**To do:** The listing is to be reproduced exactly, excluding its pictures.

**Dataset content:**
+++

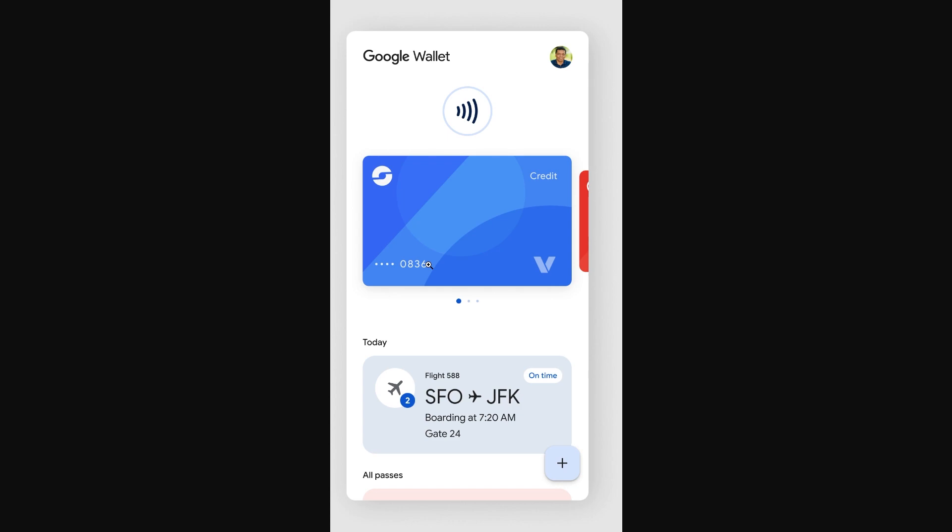So if you need to find your card number, what you will actually have to do is go ahead and search for your physical card.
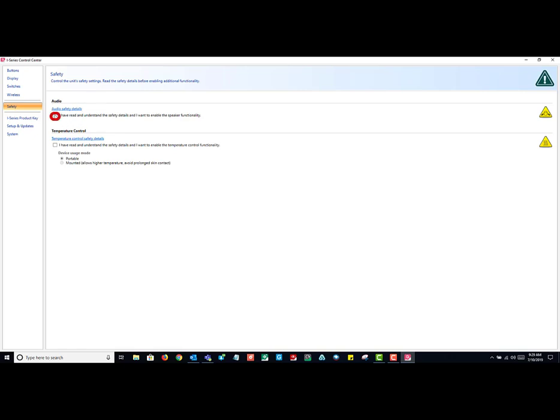You need to check the box that says I have read and understand the safety details and want to enable the speaker functionality.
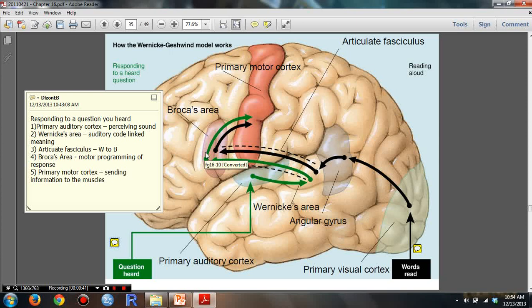Then the arcuate fasciculus transfers it from Wernicke's area to Broca's area, and this is how the motor programming responds. Then it goes to the primary motor cortex, in which information is sent to the muscles.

+++

**Exercise solution:**
So if you need to find your card number, what you will actually have to do is go ahead and search for your physical card.
You need to check the box that says I have read and understand the safety details and want to enable the speaker functionality.
Then the arcuate fasciculus transfers it from Wernicke's area to Broca's area, and this is how the motor programming responds. Then it goes to the primary motor cortex, in which information is sent to the muscles.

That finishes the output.